■ **Source data**
= Beginning of Section =
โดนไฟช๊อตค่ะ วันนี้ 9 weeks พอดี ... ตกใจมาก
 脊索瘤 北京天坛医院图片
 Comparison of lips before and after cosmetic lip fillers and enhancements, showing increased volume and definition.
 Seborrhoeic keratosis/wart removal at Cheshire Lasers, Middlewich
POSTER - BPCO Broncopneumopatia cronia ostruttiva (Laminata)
= End of Section =
■ **Instructions to follow**
Could the entire listing be reproduced without any alteration?

■ **Response below**
โดนไฟช๊อตค่ะ วันนี้ 9 weeks พอดี ... ตกใจมาก
 脊索瘤 北京天坛医院图片
 Comparison of lips before and after cosmetic lip fillers and enhancements, showing increased volume and definition.
 Seborrhoeic keratosis/wart removal at Cheshire Lasers, Middlewich
POSTER - BPCO Broncopneumopatia cronia ostruttiva (Laminata)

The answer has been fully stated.